One evening a terrible storm came on; there was thunder and lightning, and the rain poured down in torrents. Indeed it was a fearful night. Suddenly a knocking was heard at the main gate of Chowmahalla Palace - The Royal residence of Nizams, and the darbans went to open it. It was a princess who stood outside, but what a sight the rain and the wind had made her look. She was in a terrible state. The water streamed out of her hair and her clothes; it ran down into the toes of her shoes and out again at the heels. And yet she said that she was a real princess Durre Shehwar, a daughter of his imperial majesty Sultan Efendi of Ottoman Empire.

Well, we'll soon find that out, thought the Pasha Begum standing besides the Nizam, she was listening to the whole conversation. But she said nothing, went into the bed-room, took all the bedding off the bedstead, and laid a royal ring at the bottom; then she took twenty mattresses and laid them on the royal ring. On this the princess had to lie all night. Then she showed the girl to her room.

The rain beat down all night and lightning streaked the sky. In the morning she was asked how she had slept. The girl politely replied: "lt was a lovely soft bed, so soft that I could feel something hard under the mattress so that I am black and blue all over my body. It kept me awake all night!"

Now they knew that she was a real princess because she had felt the ring right through the twenty mattresses. Nobody but a real princess could be as sensitive as that. The Pasha Begum offered her apologies for laying a ring under her bed, before rushing off to her son.
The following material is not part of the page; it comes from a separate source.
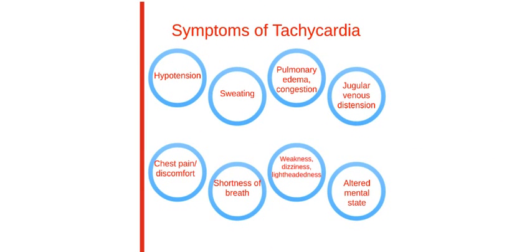The symptoms of tachycardia include hypotension, sweating, pulmonary edema and congestion, jugular venous distension, chest pain, shortness of breath, weakness, dizziness, lightheadedness, and altered mental state.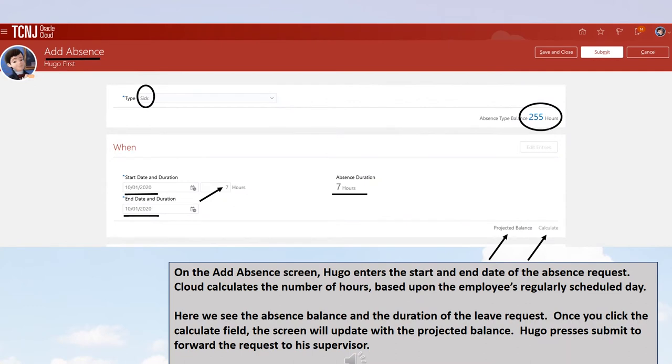On the Add Absence screen, Hugo enters the start and end date of the absence request. Cloud calculates the number of hours based upon the employee's regularly scheduled day. Here we see the absence balance and the duration of the leave request. Once you click the Calculate field, the screen will update with the projected balance. Hugo presses Submit to forward the request to his supervisor.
With this assessment she had actually selected a real princess Durre Shehwar for her son.

After the wedding, the royal ring was placed inside a gold and crystal box and exhibited in the Chowmahalla Palace Museum, where it may still be seen, if no one has stolen it.

(Adaptation of Hans Christian Andersen’s The Princess and the Pea)

P.S. PKR 6000/- is the realized price of my 25 years old bed sold today.